Written by: George Pacheco on July 27th, 2015
Theatrical Release Date: USA, 2014
Director: David Gregory
Cast: Richard Stanley, Kier-La Janisse, Michael Gingold, Graham Humphreys, Edward R. Pressman, Robert Shaye, Tim Zinnemann, Fairuza Balk, Bruce Fuller, Marco Hofschneider, Rob Morrow
BluRay released: July 28th, 2015
Approximate running time: 99 minutes
Aspect Ratio: 1.78:1 Widescreen / 1080 Progressive / MPEG-4 AVC
Sound: LPCM Stereo English
BluRay Release: Severin Films
Region Coding: Region Free
Retail Price: $20.00
Severin Films founder David Gregory directs this excellent documentary, dissecting the unfortunate series of events which befell the infamously troubled 1996 production of The Island of Doctor Moreau.
Gregory’s film primarily sets its focus upon the director who was unceremoniously fired from the production, British filmmaker Richard Stanley, who at that point had earned some serious indie interest for his two stellar productions of Hardware and Dust Devil. Stanley is simultaneously dry, witty and funny as he tells his side of the tale, explaining how long the ideas churned within his head before the auteur eventually found his way to writing up a screenplay. There’s an ever-present twinkle in Stanley’s eye and a slight smirk on his lips and he reveals fascinating details about the production, despite the obvious pain and disappointment the whole experience likely left him with at the end of the day.

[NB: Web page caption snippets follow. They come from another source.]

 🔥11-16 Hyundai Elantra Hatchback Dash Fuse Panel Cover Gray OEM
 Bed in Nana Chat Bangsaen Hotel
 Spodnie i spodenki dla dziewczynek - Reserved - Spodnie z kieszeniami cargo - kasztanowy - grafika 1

Gregory tracks down plenty of other folks involved with Moreau, as well, although actors David Thewlis and Val Kilmer are conspicuously absent from the proceedings. Still, members of cast (Fairuza Balk, Rob Morrow and the very funny Marco Hofschneider), crew, as well as production folk (New Line Cinema head honcho Bob Shaye) offer their own recollections about what went down, shot in a typical “talking head” documentary style, nicely augmented by some minor animation and colorful sequences showing Stanley’s original Doctor Moreau sketches.

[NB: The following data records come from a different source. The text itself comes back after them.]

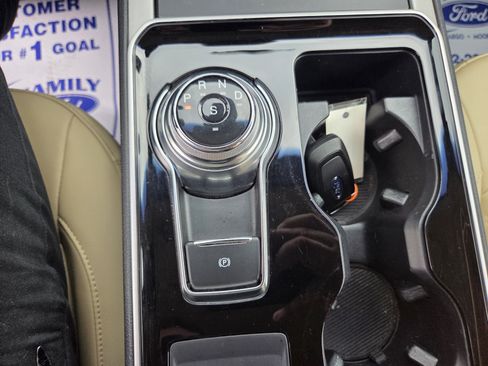 Certified 2020 Ford Edge SEL w/ Convenience Package AWD/4WD image 16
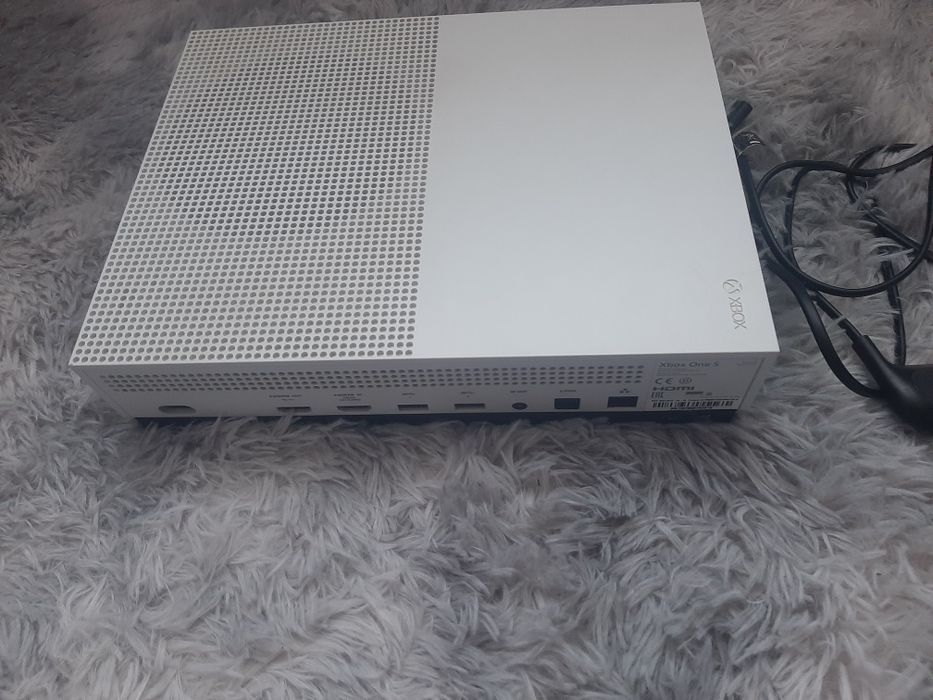 Xbox one s 1Tb (uszkodzony)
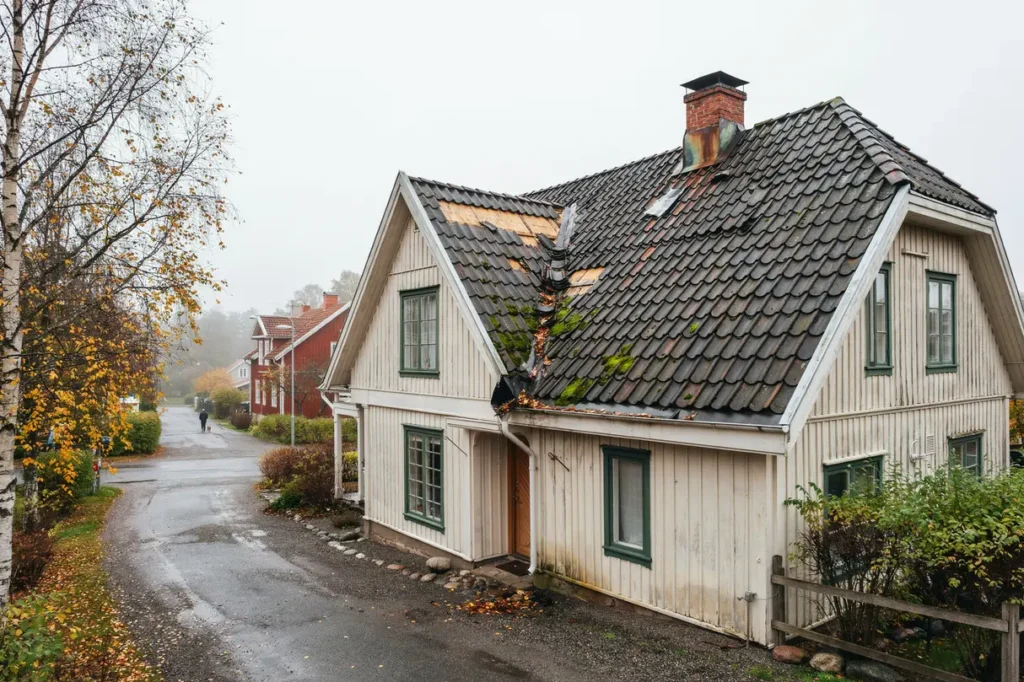 s uppt cker du stormskador p taket i tid praktisk checklista f r svenska hus gare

There’s a real sense of tragic, “what was and what could’ve been” to Stanley’s tale, not entirely dissimilar to what many fans felt from the documentary Jodorowsky’s Dune; a sense that there really could’ve been an amazing-albeit probably un-filmable at the time-picture sprung forth from Stanley’s imagination, only to be replaced by the stitched-together (though still interesting) mess wrangled together by replacement director John Frankenheimer and crew.
Still, there’s a saying that all things happen for a reason, and, at the very least, Gregory’s documentary pulls back the curtain and reveals some very ugly factoids about some of the Hollywood heavy hitters who ran roughshod behind the scenes of this film (read: Val Kilmer was an asshole, Marlon Brando was totally off his rocker, and also kind of an asshole), while at the same time reminding all genre fans of just how imaginative and creative Richard Stanley is as a writer and director.
Here’s hoping that perhaps Lost Soul can coax out Stanley-who has delivered some anthology segments and shorts in recent years-back to the director’s chair for the balls-out, proper feature we all believe the man can still create.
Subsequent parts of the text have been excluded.